Materials provided:
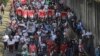ARCHIVO: Los manifestantes portan pancartas del Frente Sandinista de Liberación Nacional y un retrato del presidente Daniel Ortega y la vicepresidenta Rosario Murillo, durante una marcha a favor del gobierno en Managua, Nicaragua, el sábado 11 de febrero de 2023. (Foto AP)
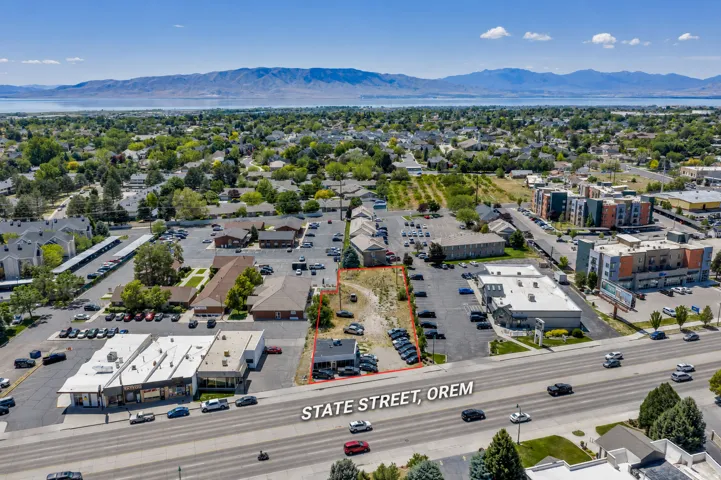 Aerial perspective highlighting a commercial property with significant frontage on State Street, Orem
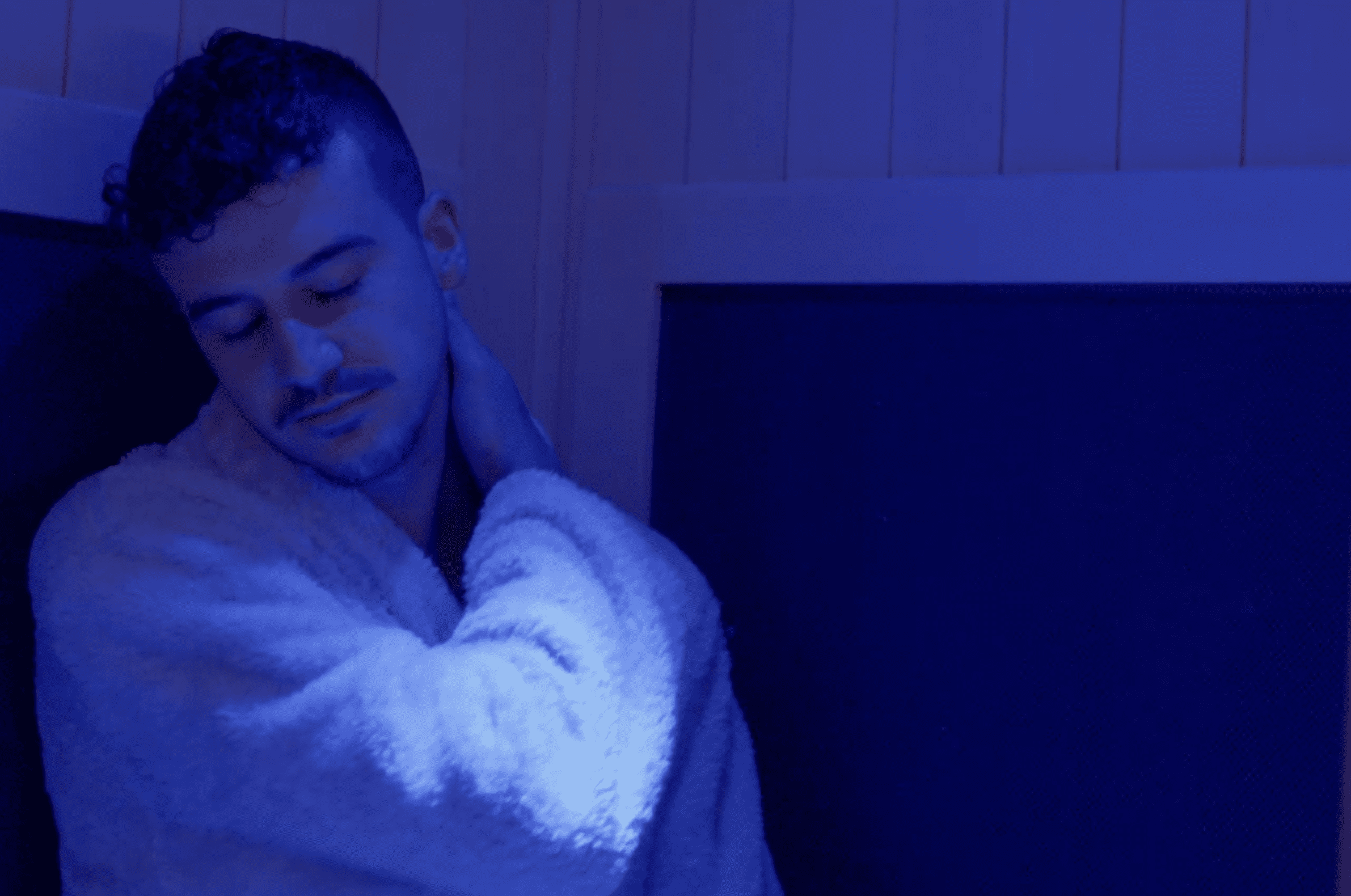 A person wearing a robe stands in blue lighting, eyes closed and head tilted, gently touching the back of their neck with one hand—capturing a serene moment inspired by the wellness philosophy of the Institute For Ageless Living.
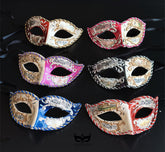 Bulk Venetian masquerade masks featuring musical note motifs, Venetian cityscape artwork, antique gold scrollwork, and colorful braided trim for masquerade balls, Mardi Gras, weddings, and themed events.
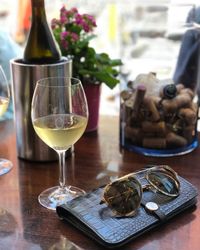 Close-up of wineglass by purse and sunglasses on table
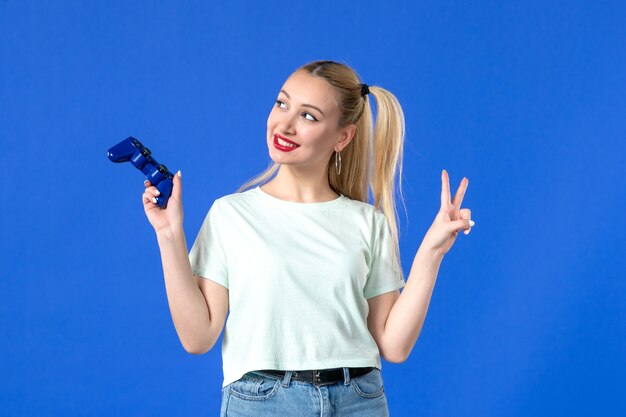 vue de face jeune femme avec manette de jeu sur fond bleu vidéo joueur de joie virtuelle jeunesse joyeuse manette gagnante adultes en ligne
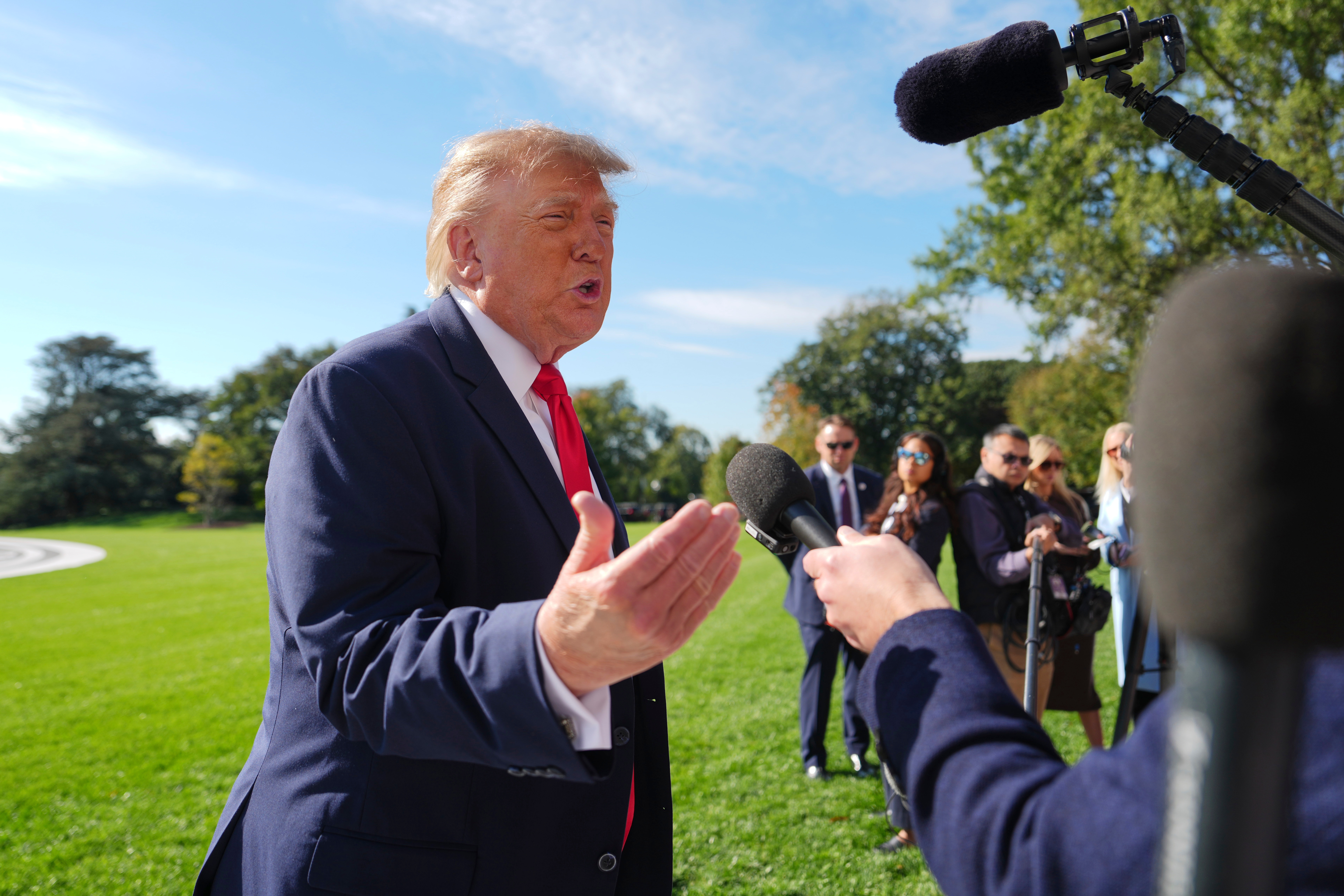 President Donald Trump speaks with reporters before boarding Marine One on the South Lawn of the White House, Friday, Oct. 23, 2026, in Washington.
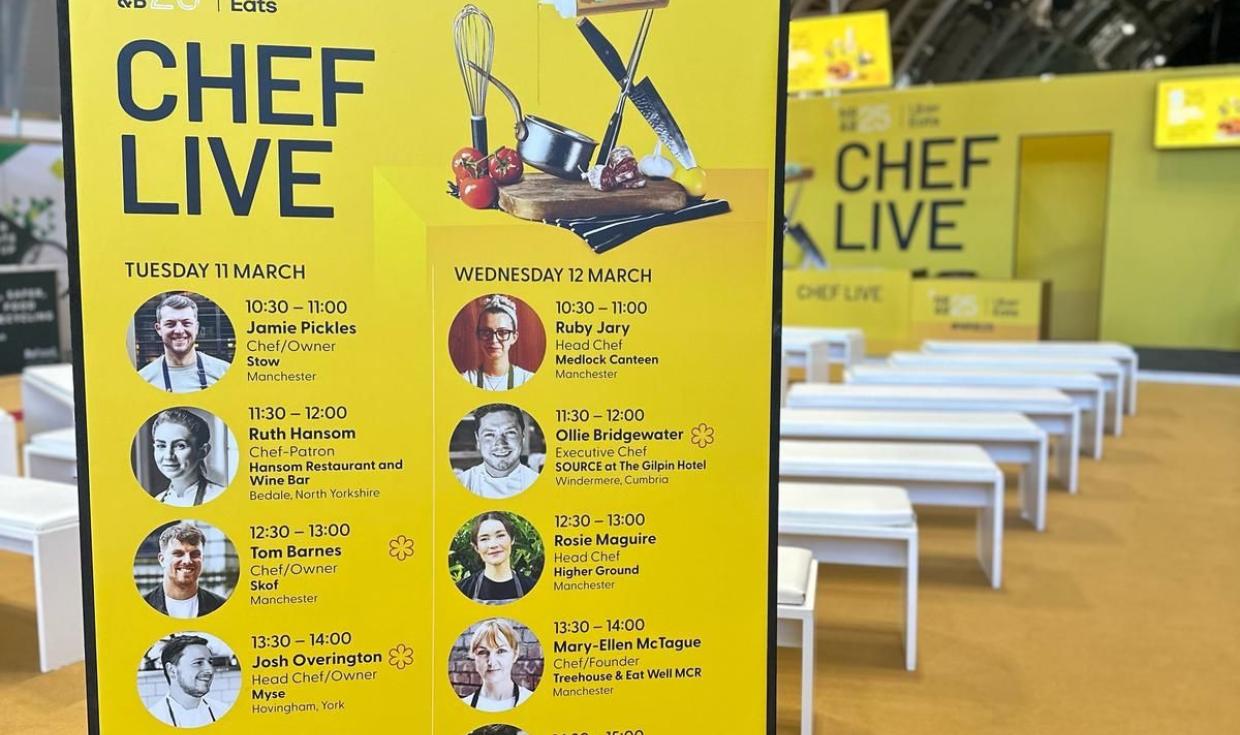 Information board, displaying line up information for Chef Live stage against a yellow background. Chef Live stage and seating in background.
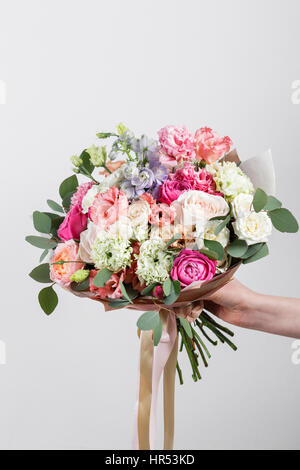 Riche bouquet de fleurs roses et rose eustoma, vert feuille dans la main bouquet frais du printemps. Arrière-plan de l'été. Banque D'Images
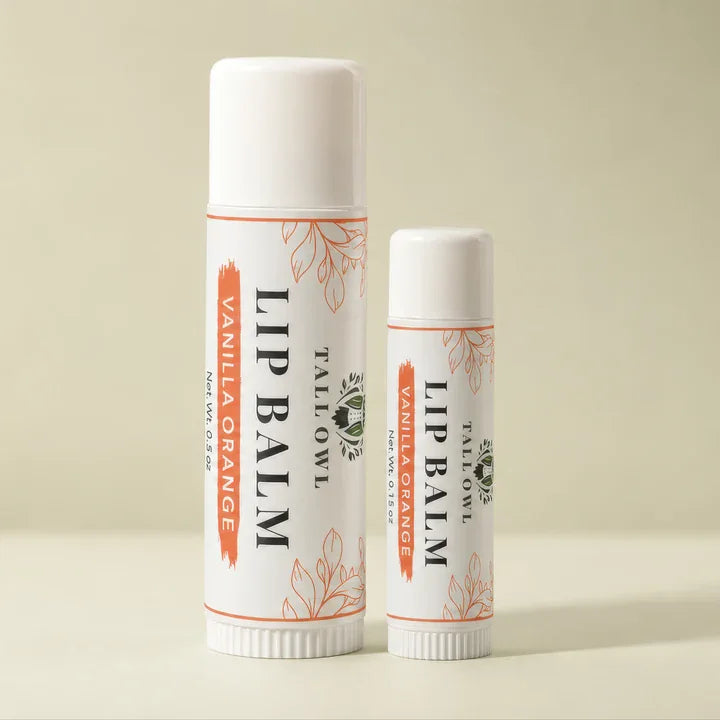 Vanilla Orange Lip Balm in 0.15 oz and 0.5 oz tubes side by side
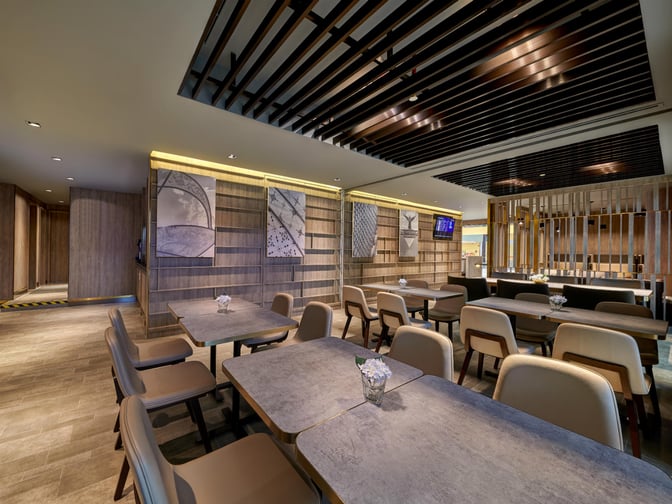 The seating area in Plaza Premium Lounge at Langkawi International Airport features tables and chairs for dining and relaxation.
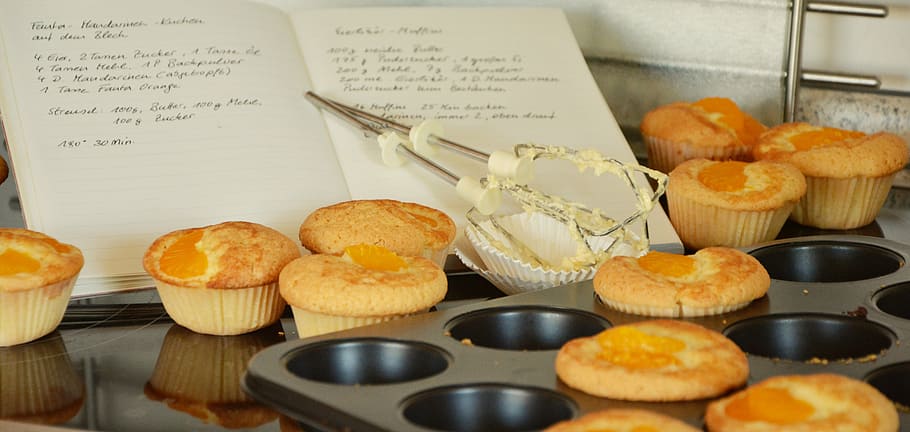 cupcakes near cook book, muffins, bake, small cakes, muffin form HD wallpaper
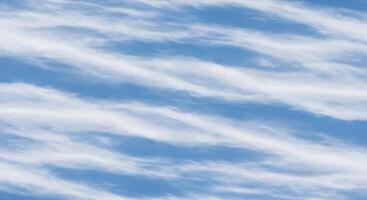 A blue sky with clouds and a plane flying in it photo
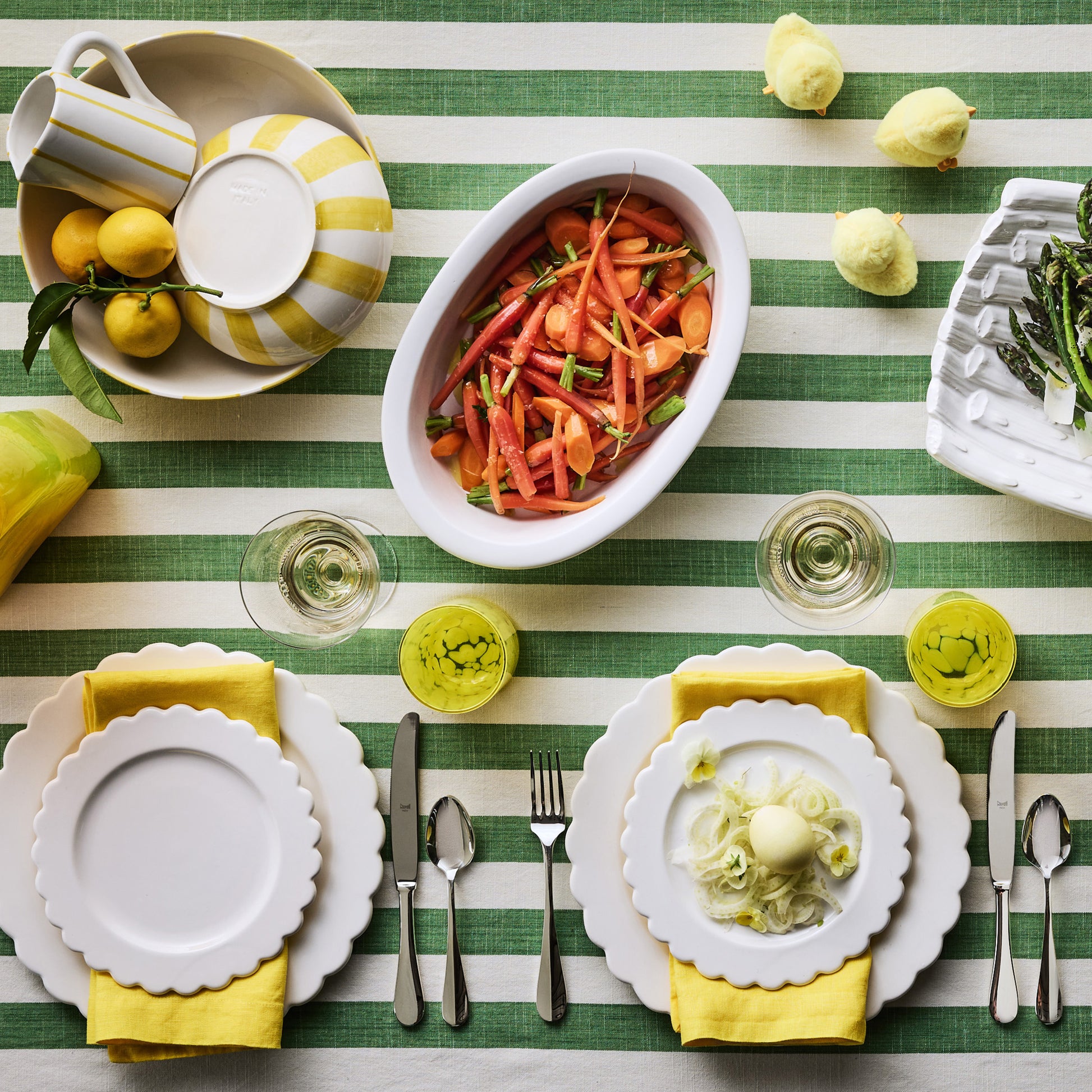 Portofino Yellow Stripe Large Ceramic Serve Bowl with hand-painted yellow stripes, filled with salad.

The task: Everything above from the line with "A person wearing" through the line with "Close-up of wineglass" should be retyped exactly, and nothing else; omit pictures.

Output:
 A person wearing a robe stands in blue lighting, eyes closed and head tilted, gently touching the back of their neck with one hand—capturing a serene moment inspired by the wellness philosophy of the Institute For Ageless Living.
 Bulk Venetian masquerade masks featuring musical note motifs, Venetian cityscape artwork, antique gold scrollwork, and colorful braided trim for masquerade balls, Mardi Gras, weddings, and themed events.
 Close-up of wineglass by purse and sunglasses on table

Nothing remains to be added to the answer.